When using the JDBC catalog you must provide jdbc-url, jdbc-driver, jdbc-user, and jdbc-password. Common catalog properties are listed here; ClickHouse adds no extra catalog-scoped keys.
| Configuration item | Description | Default value | Required | Since Version |
|---|---|---|---|---|
jdbc-url | JDBC URL, for example jdbc:clickhouse://localhost:8123 | (none) | Yes | 1.2.0 |
jdbc-driver | JDBC driver class, for example com.clickhouse.jdbc.ClickHouseDriver | (none) | Yes | 1.2.0 |
jdbc-user | JDBC user name | (none) | Yes | 1.2.0 |
jdbc-password | JDBC password | (none) | Yes | 1.2.0 |
jdbc.pool.min-size | Minimum pool size | 2 | No | 1.2.0 |
jdbc.pool.max-size | Maximum pool size | 10 | No | 1.2.0 |
jdbc.pool.max-wait-ms | Max wait time for a connection | 30000 | No | 1.2.0 |
Create a ClickHouse catalog
The following example creates a ClickHouse catalog with the required JDBC properties and optional connection pool settings. Note that the jdbc-driver class must be available in the Gravitino classpath (for example by placing the ClickHouse JDBC driver JAR in ${GRAVITINO_HOME}/catalogs/jdbc-clickhouse/libs).

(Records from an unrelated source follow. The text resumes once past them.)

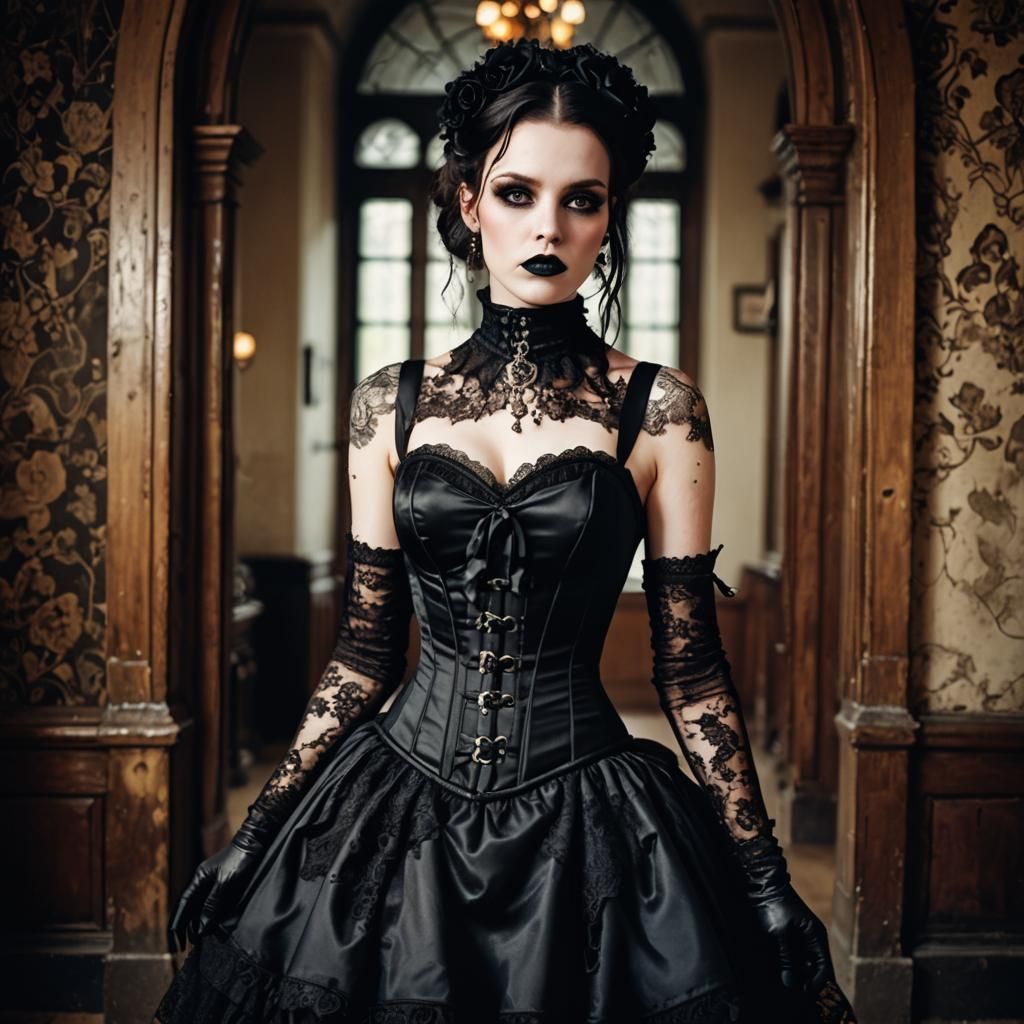 Goth Woman in Lace: Hyper-Realistic Portrait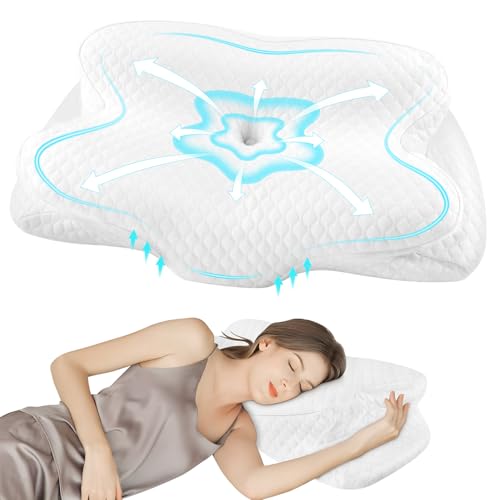 DONAMA Cervical Pillow for Neck and Shoulder,Contour Memory Foam Pillow,Ergonomic Neck Support Pillow for Side Back Stomach Sleepers with Pillowcase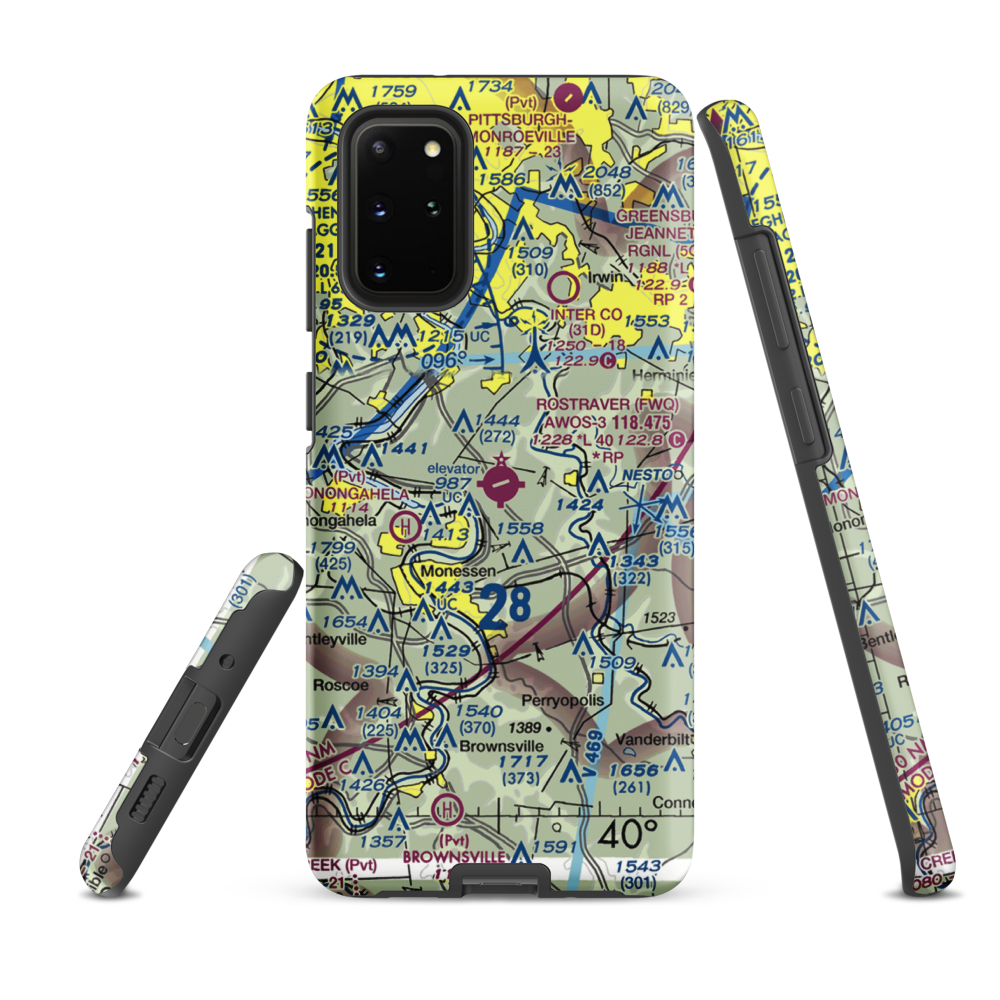 Rostraver Airport (FWQ) VFR Sectional Samsung Phone Case Samsung Galaxy S20 Plus model shown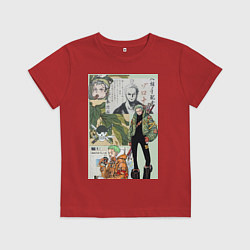 Футболка хлопковая детская Ван-Пис Зоро Ророноа коллаж сильнейший мечник, цвет: красный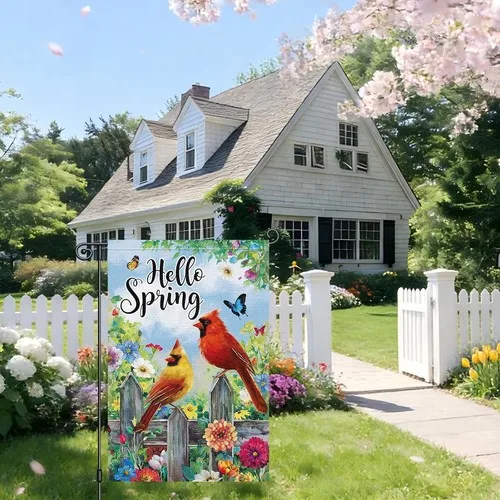 Heyfibro Hello Spring Cardinal Garden Flag 12x18 Inch Double Sided Wildflowers B RRI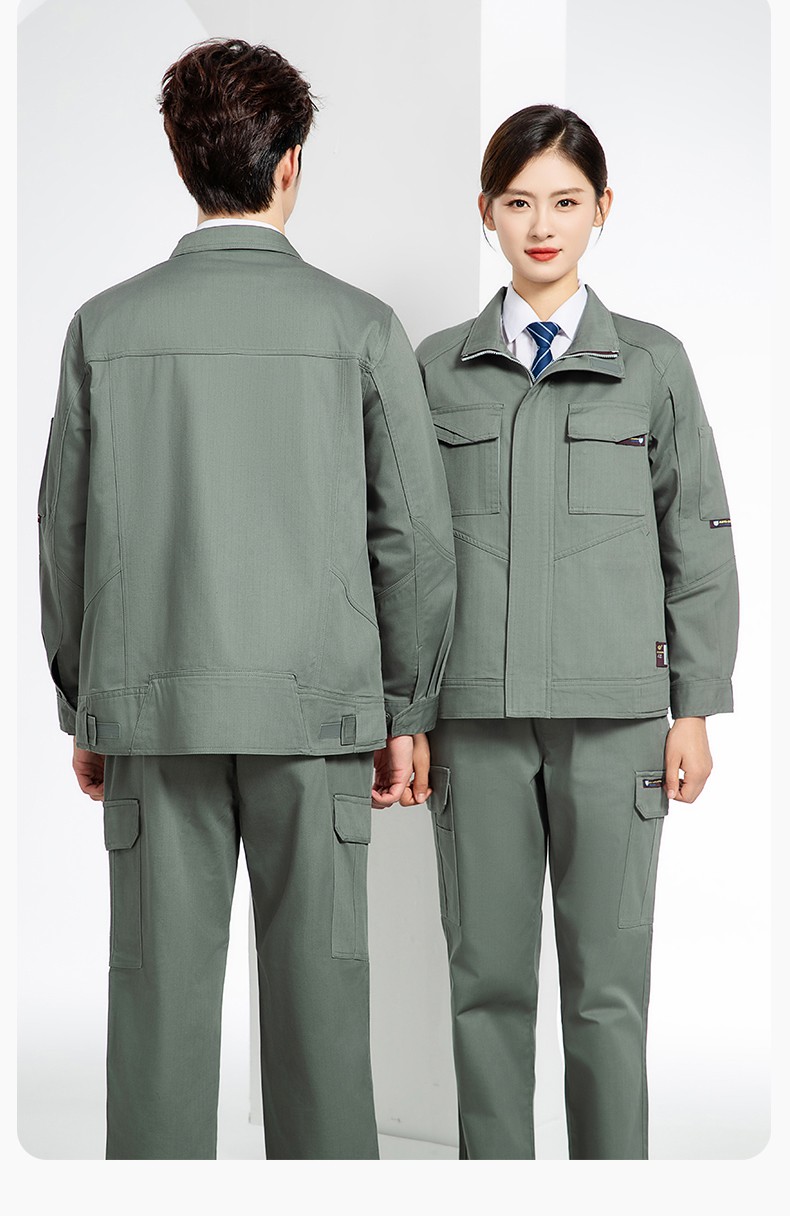 JC-SY61X 防靜電春秋長(zhǎng)袖工作服套裝CVC耐磨純色工裝機(jī)修車(chē)間工廠服定制(圖20)
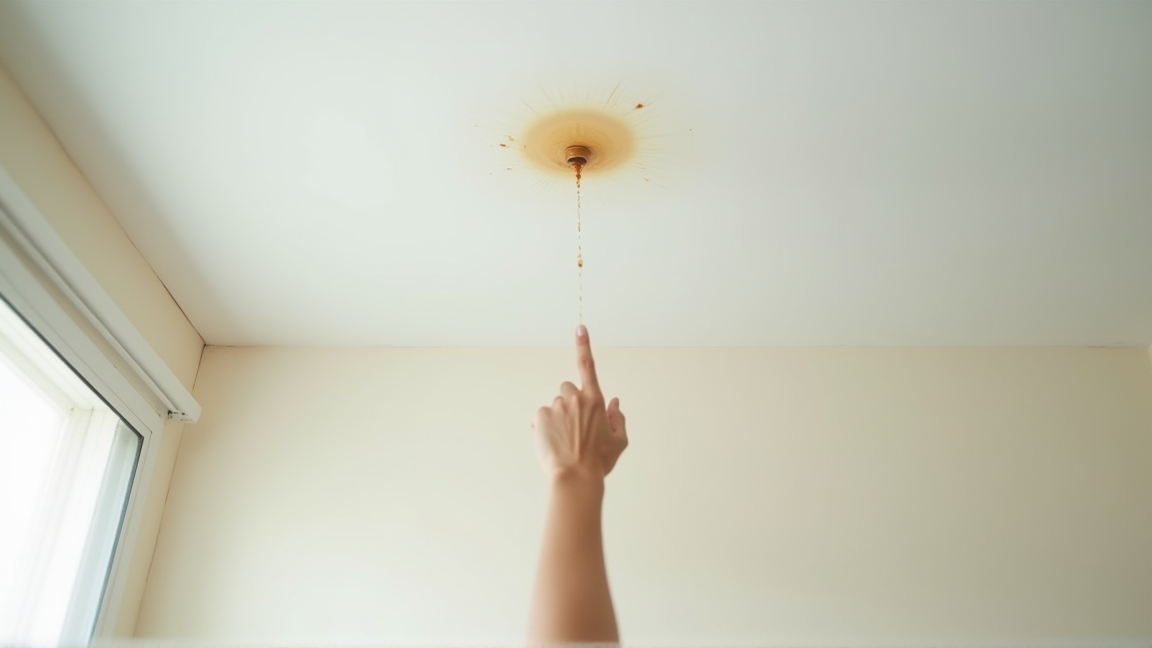 天井のシミを指差して確認する様子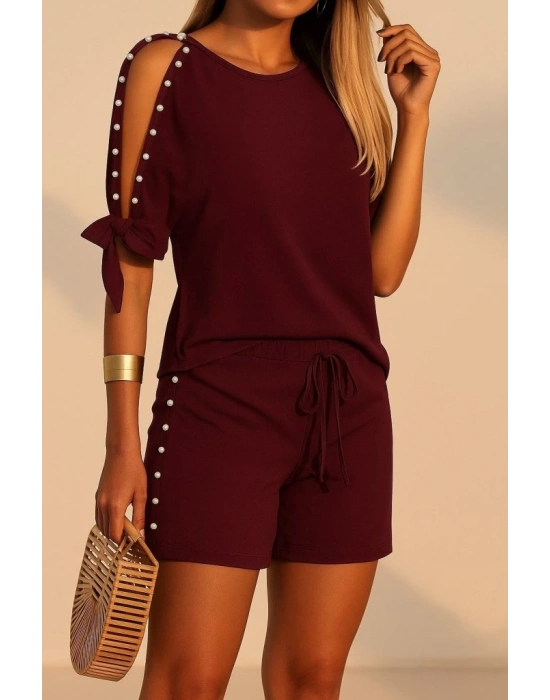 Kadın Kısa Kollu Bisiklet Yaka Yarı Açık Omuz Inci Detaylı Short Tshirt Viskon Ikili Takım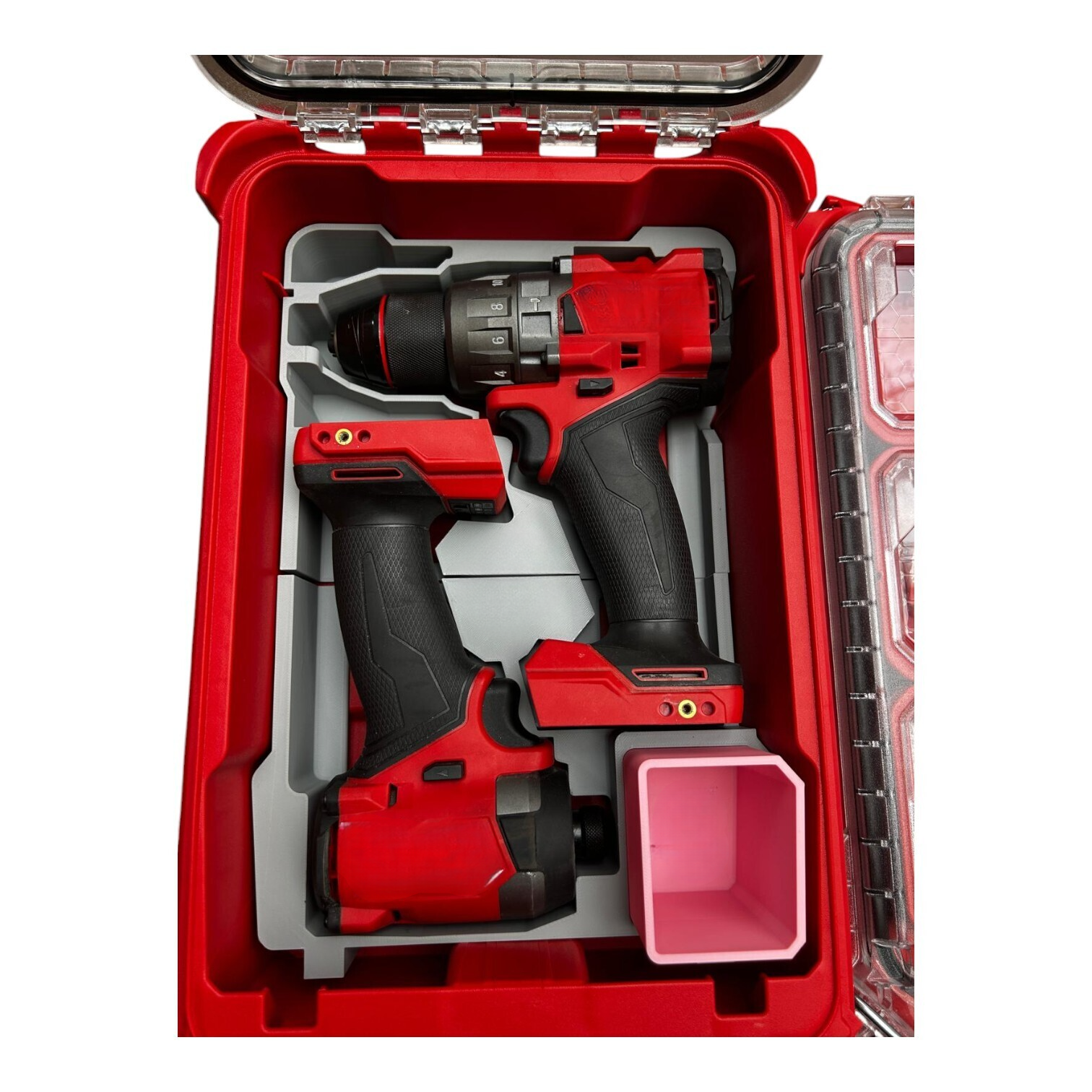 Packout Insert to Suit M18 Fuel or Brushless Drill & Impact – Compatible with Milwaukee Packout Toolbox 48-22-8435. Close-up image of a Milwaukee Packout toolbox with M18 Fuel drill and impact driver positioned neatly inside.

Description about some of the properties:
- provider: must be
jdbc-clickhousefor Gravitino to recognize the catalog as ClickHouse; - type: must be
RELATIONALsince ClickHouse is a relational database;
- Shell
- Java
curl -X POST -H "Accept: application/vnd.gravitino.v1+json" \
-H "Content-Type: application/json" -d '{
"name": "ck",
"type": "RELATIONAL",
"comment": "ClickHouse catalog",
"provider": "jdbc-clickhouse",
"properties": {
"jdbc-url": "jdbc:clickhouse://localhost:8123",
"jdbc-driver": "com.clickhouse.jdbc.ClickHouseDriver",
"jdbc-user": "default",
"jdbc-password": "password"
}
}' http://localhost:8090/api/metalakes/metalake/catalogs
GravitinoClient client = GravitinoClient.builder("http://localhost:8090")
.withMetalake("metalake")
.build();
Map<String, String> ckProps = ImmutableMap.<String, String>builder()
.put("jdbc-url", "jdbc:clickhouse://localhost:8123")
.put("jdbc-driver", "com.clickhouse.jdbc.ClickHouseDriver")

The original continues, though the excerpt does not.